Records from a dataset
==============================

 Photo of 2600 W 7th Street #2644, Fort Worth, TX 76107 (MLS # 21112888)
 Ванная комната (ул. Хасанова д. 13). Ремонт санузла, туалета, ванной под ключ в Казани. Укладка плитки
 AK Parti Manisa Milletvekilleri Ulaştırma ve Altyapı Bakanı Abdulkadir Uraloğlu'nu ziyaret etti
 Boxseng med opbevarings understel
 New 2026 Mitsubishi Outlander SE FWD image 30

==============================

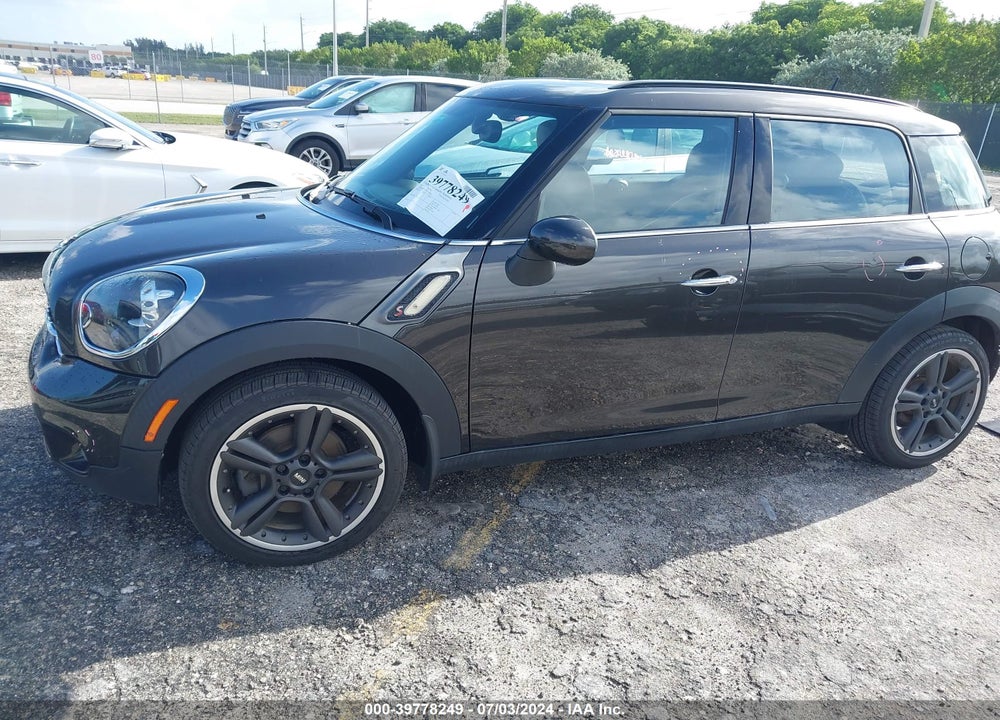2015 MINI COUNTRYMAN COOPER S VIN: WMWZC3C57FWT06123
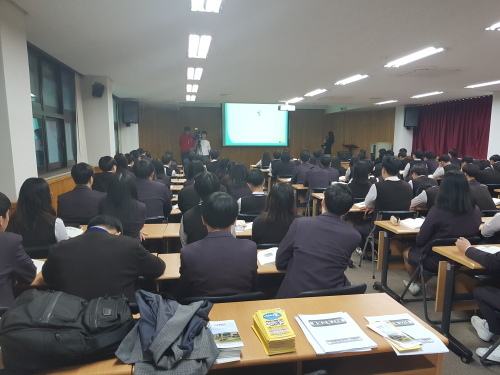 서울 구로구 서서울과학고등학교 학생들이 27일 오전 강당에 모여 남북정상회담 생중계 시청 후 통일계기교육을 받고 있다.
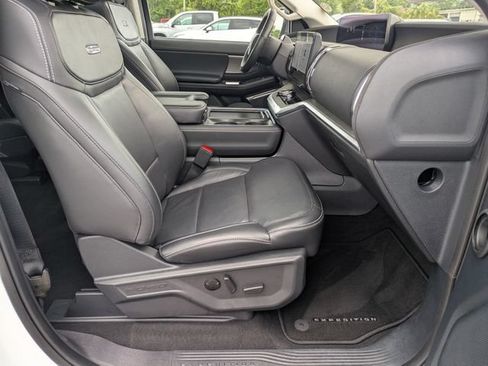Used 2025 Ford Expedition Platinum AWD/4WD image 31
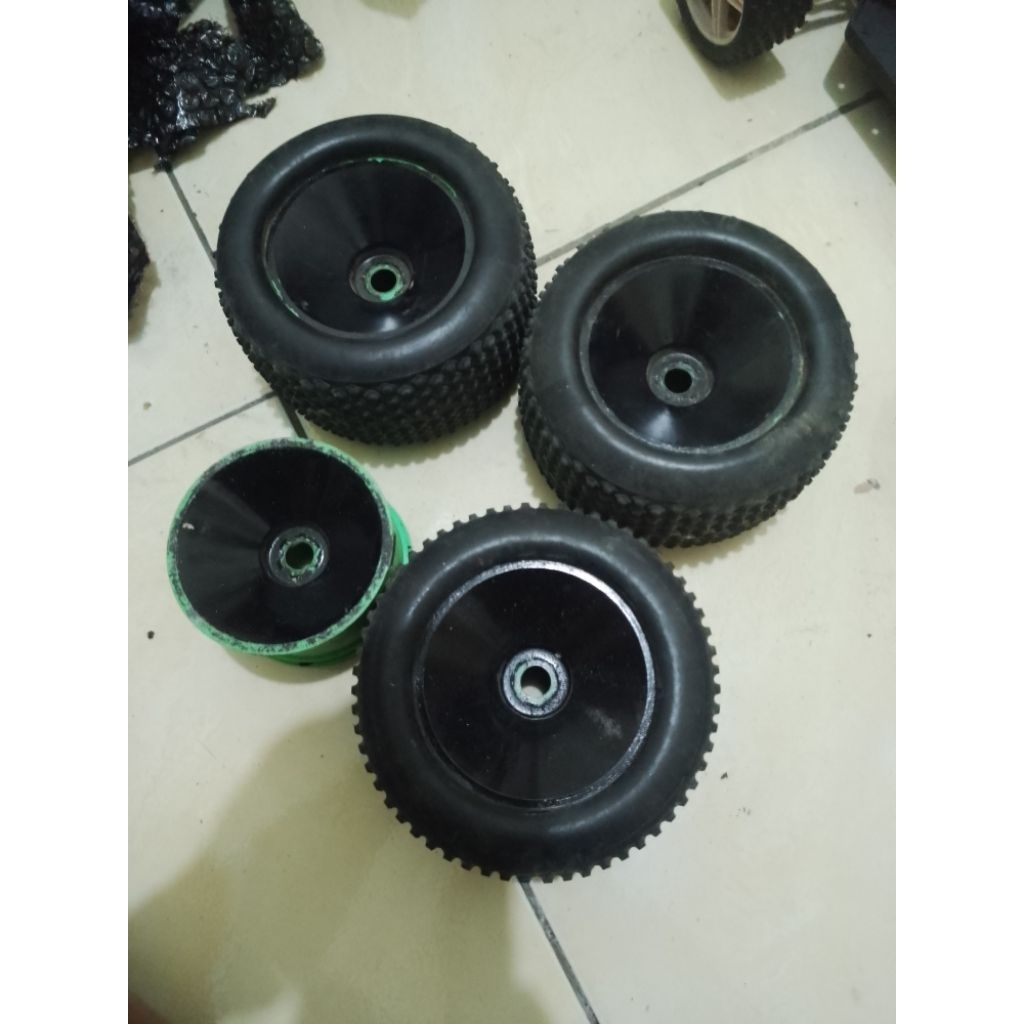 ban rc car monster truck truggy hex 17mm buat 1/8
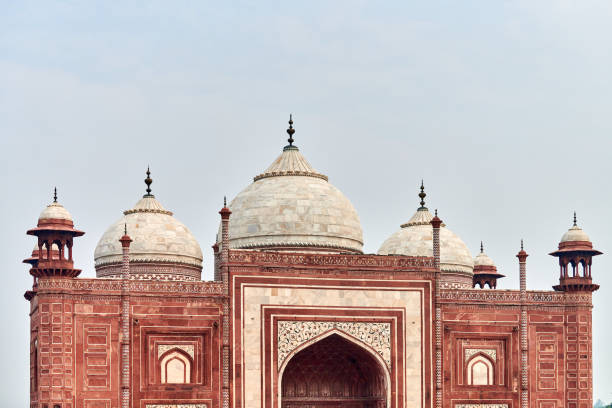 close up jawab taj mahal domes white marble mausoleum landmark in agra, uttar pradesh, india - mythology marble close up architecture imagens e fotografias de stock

==============================

» BRIEF: Copy word for word only the lines above from the one with "서울 구로구 서서울과학고등학교" through the one with "close up jawab". Leave pictures out.

» EXERCISE OUTPUT:
 서울 구로구 서서울과학고등학교 학생들이 27일 오전 강당에 모여 남북정상회담 생중계 시청 후 통일계기교육을 받고 있다.
Used 2025 Ford Expedition Platinum AWD/4WD image 31
 ban rc car monster truck truggy hex 17mm buat 1/8
 close up jawab taj mahal domes white marble mausoleum landmark in agra, uttar pradesh, india - mythology marble close up architecture imagens e fotografias de stock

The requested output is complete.